The following filters the token stream to strip the extra brackets from the citation.

#! /usr/bin/env python
# -*- coding: utf-8 -*-

from pandocfilters import toJSONFilter, Str, Plain, Para
import sys
import re

def replace_citation_links_with_citation(key, value, format, meta):
    # sys.stderr.write(f"=== {key} ===>\n")
    # sys.stderr.write(f"{value}\n\n")
    elements = []
    if key == "Plain" or key == "Para":
        for item_idx, item in enumerate(value):
            if item["t"] == "Str" and item["c"] == "[":
                if item_idx < len(value) - 1:
                    if value[item_idx + 1]["t"] == "Cite":
                        continue
            elif item["t"] == "Str" and item["c"] == "]":
                if item_idx > 0:
                    if value[item_idx - 1]["t"] == "Cite":
                        continue
            elements.append(item)
        if key == "Plain":
            return Plain(elements)
        elif key == "Para":
            return Para(elements)


if __name__ == "__main__":
    toJSONFilter(replace_citation_links_with_citation)

If saved to a file, e.g. ~/.local/share/pandoc-filters/obisidian-citation-links.py, and invoked when running pandoc by --filter ~/.local/share/pandoc-filters/obisidian-citation-links.py, then something like this:

The best cookies in the world have cardamom in them [[@darwin-1856-origin]] .

will look like the following to Pandoc.

The best cookies in the world have cardamom in them [@darwin-1856-origin] .

So you can now have your citations and link them too.

4 Likes

Thanks for posting this!

1 Like

This is not working for me. Do I need to install any python packages to make it work?

In VS Code, it says:

[{
	"resource": "/C:/Users/FeralFlora/AppData/Local/Pandoc/filters/wikilink-citation.py",
	"owner": "_generated_diagnostic_collection_name_#2",
	"code": {
		"value": "reportUndefinedVariable",
		"target": {
			"$mid": 1,
			"path": "/microsoft/pyright/blob/main/docs/configuration.md",
			"scheme": "https",
			"authority": "github.com",
			"fragment": "reportUndefinedVariable"
		}
	},
	"severity": 4,
	"message": "\"Para\" is not defined",
	"source": "Pylance",
	"startLineNumber": 26,
	"startColumn": 20,
	"endLineNumber": 26,
	"endColumn": 24
}]

On this line:
image

It also says that Sys, Str and Re are imported but not accessed:
image

Typo / mispaste in original code. Note the import now includes Para:

from pandocfilters import toJSONFilter, Str, Plain, Para

Sorry for the confusion!

1 Like

Great, thanks for the answer. However, what about all the things that are not accessed, can I just remove them? Sys, re, str and the format, meta parameters in the function.

image

The function signature (format, meta, etc.) should remain the same. You can (probably) drop the unneeded imports.

1 Like

Great, I’m going to test it now :+1:

There seems to be a bug. This:

Becomes this (note the extra trailing ].

Also, this workflow is incompatible with the wikilinks_title_after_pipe extension, because citations will simply become links :cry:

I am considering adopting the convention:

The quick brown fox jumps over the lazy dog [[some/path/to/library/@author-year-title|[@author-year-title]]]

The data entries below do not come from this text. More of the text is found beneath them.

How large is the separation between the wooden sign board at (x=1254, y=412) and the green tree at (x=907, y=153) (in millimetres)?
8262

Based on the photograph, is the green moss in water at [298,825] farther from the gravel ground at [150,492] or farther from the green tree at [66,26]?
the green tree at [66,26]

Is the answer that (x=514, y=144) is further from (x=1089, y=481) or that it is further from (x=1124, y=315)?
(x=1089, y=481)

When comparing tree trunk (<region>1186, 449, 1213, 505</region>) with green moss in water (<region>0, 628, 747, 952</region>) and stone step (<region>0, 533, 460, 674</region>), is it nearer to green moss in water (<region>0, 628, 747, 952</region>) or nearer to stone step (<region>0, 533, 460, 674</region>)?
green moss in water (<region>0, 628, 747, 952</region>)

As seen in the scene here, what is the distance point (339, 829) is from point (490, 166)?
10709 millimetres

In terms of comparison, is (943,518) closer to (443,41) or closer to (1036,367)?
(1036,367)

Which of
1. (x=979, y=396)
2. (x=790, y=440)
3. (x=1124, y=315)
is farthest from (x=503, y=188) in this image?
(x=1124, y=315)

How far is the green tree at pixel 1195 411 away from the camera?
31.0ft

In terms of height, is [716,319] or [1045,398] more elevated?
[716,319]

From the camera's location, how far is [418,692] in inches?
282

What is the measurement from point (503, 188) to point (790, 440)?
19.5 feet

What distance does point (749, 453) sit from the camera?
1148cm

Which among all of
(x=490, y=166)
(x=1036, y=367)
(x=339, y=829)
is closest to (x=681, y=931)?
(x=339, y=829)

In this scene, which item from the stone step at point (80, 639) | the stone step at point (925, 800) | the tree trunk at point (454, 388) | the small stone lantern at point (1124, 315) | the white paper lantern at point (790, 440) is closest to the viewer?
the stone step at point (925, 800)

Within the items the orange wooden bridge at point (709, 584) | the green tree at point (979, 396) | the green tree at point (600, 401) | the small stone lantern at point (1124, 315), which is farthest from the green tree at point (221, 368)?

and just rely on stripping away the links to “reveal” the clean pandoc citation in the display name. This should be possible with the default mediawiki link filters, I think? A little bit of redundancy in typing, but IF pandoc can process the citation correctly, then it will be worth it.

Ok, @mgmeyers “Easy Bake” plugin resolves everything.

In particular:

blah blah [[sources/references/a/@anderson-1979|[@anderson-1979]]] blah

gets nicely expanded to:

blah blah [@anderson-1979] blah 

along with all other links and embeds (!!!) in a single standalone document. Can process with pandoc etc. normally after that.
:partying_face: :partying_face: :partying_face:

Another workaround that I’m personally using is to use Markdown links instead of Wikilinks.

For example:

[@ahrens-2017](ahrens-2017.md)

gets visualized as a reference as well as a link in the reading view.

The link converter plugin can convert between Wikilinks and Markdown links in the whole vault.

What I do now is just use [@citkey] for everything. Not an actual (native) link, Wiki-style or otherwise, but just the regular Pandoc citeproc syntax. Works beautifully for the production/manuscript, as then you can do all these things: [-@citeky], [@citekey1; @citekey2] etc.

“But what about the link function?” you ask?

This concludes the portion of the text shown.